For over 500 years, Arctic explorers have sought a passage between the North Atlantic and Pacific Oceans. Such a passage, often called the Northwest Passage, would connect Europe to Asia via shorter routes than the long voyage south around Africa. In 1497, English King Henry VII sent Italian explorer John Cabot to look for this hypothetical route and expeditions from some of the most famous explorers in the centuries that followed—Sir Francis Drake and Captain James Cook among them—met with failure. The combined efforts of a number of explorers eventually uncovered a winding path from the Atlantic to the Arctic and Pacific Oceans through the ice-bound islands of northern Canada. Even in modern times, navigating from the Atlantic to the Pacific through Canada’s Arctic islands has been difficult. The summer of 2007, however, melted enough sea ice in Canada’s far north to open up this long-sought passage.
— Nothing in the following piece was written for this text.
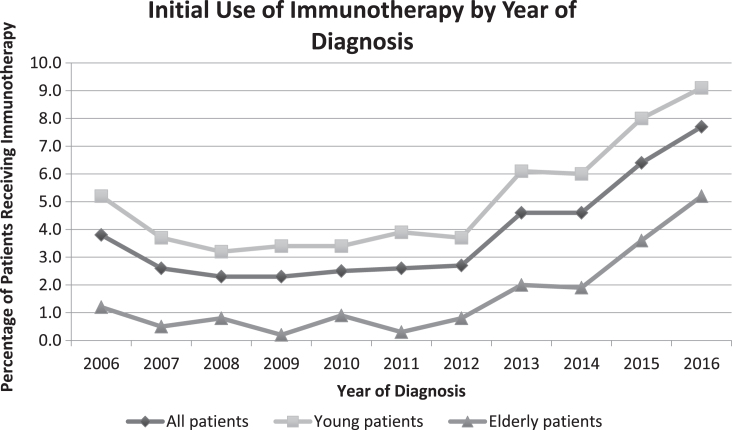 Trends in Initial Systemic Therapy for Elderly Patients with Metastatic Clear Cell Renal Cell Carcinoma.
This image shows the islands north of mainland Canada adjacent to Greenland, as observed by the the Moderate Resolution Imaging Spectroradiometer (MODIS) flying on NASA’s Aqua satellite on August 29, 2007. While the usual veil of clouds over the Arctic is visible through the scene, the sea ice pack that normally covers the water between the islands is absent. Areas often choked with ice at this time of year, but free of it in this MODIS scene, include the Parry and McClintock Channels and the McClure Strait. Larsen Sound and Victoria Strait are hidden beneath cloud cover, but they are also largely free of sea ice. This provided a nearly ice-free connection between Baffin Bay (a long body of water between Canada’s Baffin Island and Greenland that is regularly ice-free in summer) and the Arctic Ocean. An ice-free gap between the North American mainland and the Arctic sea, not shown here, extends all the way to the Bering Strait between Alaska and Russia, creating a connection almost free of all sea ice from the North Atlantic to the North Pacific.
Multi-year ice (ice that survives more than one melt season) tends to be thicker and more resistant to melt than first-year ice (formed over just one winter). According to John Falkingham of the Canadian Ice Service, most of the multi-year ice melted from Victoria Strait and McClintock Channel in the summer of 2006, leaving these traditionally difficult areas more open. In mid-August 2007, only patchy areas of ice filled Victoria Strait and Larsen Sound. Falkingham described the Northwest Passage as “nearly open.” Changes in the Northwest Passage were part of a larger pattern of melt in 2007 that also affected the East Siberian Sea.
Although nearly open, the Northwest Passage was not necessarily easy to navigate in August 2007. Located 800 kilometers (500 miles) north of the Arctic Circle and less than 1,930 kilometers (1,200 miles) from the North Pole, this sea route poses significant challenges, and the severe depletion of sea ice means only one of these is reduced. Nevertheless, long-term opening of the passage would have global impacts on trade and natural resource use.
NASA image created by Jesse Allen, using data obtained from the Goddard Land Processes data archives (LAADS).
Thanks to Walt Meier, NSIDC; U.S. National Ice Center; and John Falkingham, Environment Canada - Canadian Ice Service for image interpretation.
This image shows sea ice around the Northwest Passage as observed by the Advanced Microwave Scanning Radiometer for EOS (AMSR-E) aboard NASA’s Aqua satellite on August 22, 2007. McClure Strait, Parry Channel, Victoria Strait, and McClintock Channel (north of Victoria Strait), all appear nearly ice-free. North of McClure Strait, an area of sea ice remains, but it is fragmented.
From the time Europeans discovered the North American continent to the mid-twentieth century, sailors searched for a northwest passage that would connect the Atlantic Ocean (and Europe) to the Pacific Ocean (and Asia). No such passage exists through the continent, but during the summer, a northwest route through the Arctic opens up.